Lifestyle

The 20 ‘most painful’ conditions that can affect your health according to the NHS – The Irish Sun

PAIN can be extremely disruptive and take over every part of your life – making you feel like you’re fighting an invisible enemy.

It’s hard to describe the pain you’re going through, or understand the pain someone else is going through.

first

While many conditions are painful and difficult to deal with, the NHS has put together a list of 20 that it considers the most painful.

These diseases include those that cause the person to suffer too much pain to perform normal tasks and have a major impact on the quality of life.

So, in no particular order, here’s the complete list…

Endometrial optimism

Endometrial optimism is a condition in which tissue similar to the lining of the uterus begins to grow in other places, such as the ovaries and fallopian tubes.

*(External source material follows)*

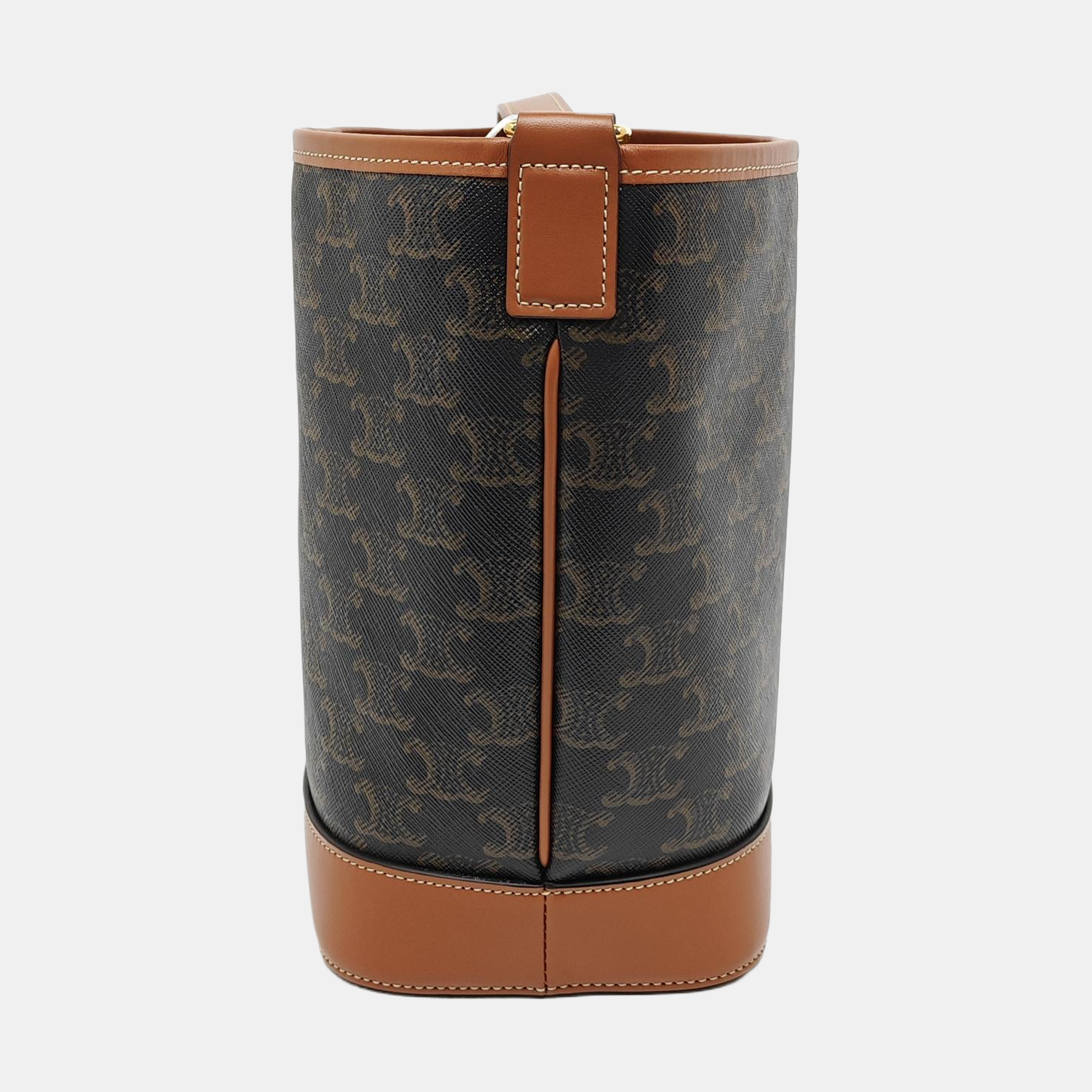 TRIOMPHE CANVAS Small Coated Canvas Brown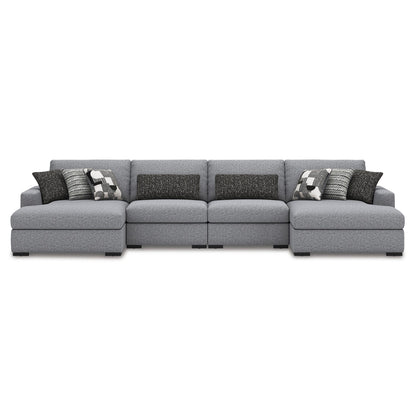 Benchcraft Bealton 61305S9 4 pc Sectional with Double Chaise IMAGE 2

This means it is extremely painful when it falls off, with nowhere to go.

This is a long-term condition that can affect women of all ages – incurable but manageable.

Symptoms can vary, but signs of pain include pelvic pain, pain after sex, feeling nauseous, and difficulty getting pregnant.

People who are different also often experience heavy and painful menstrual periods.

Roof sheet

Shingles is an infection that causes a painful rash.

The first signs include a tingling sensation in an area of ​​the skin or a headache before a rash appears a few days later.

It can take up to four weeks for the rash to heal, during which time the skin may be sore.

Disc slip

A slipped disc – also known as a prolapse or herniated disc – is when the soft cushioning tissue between the vertebrae in your spine is pushed out.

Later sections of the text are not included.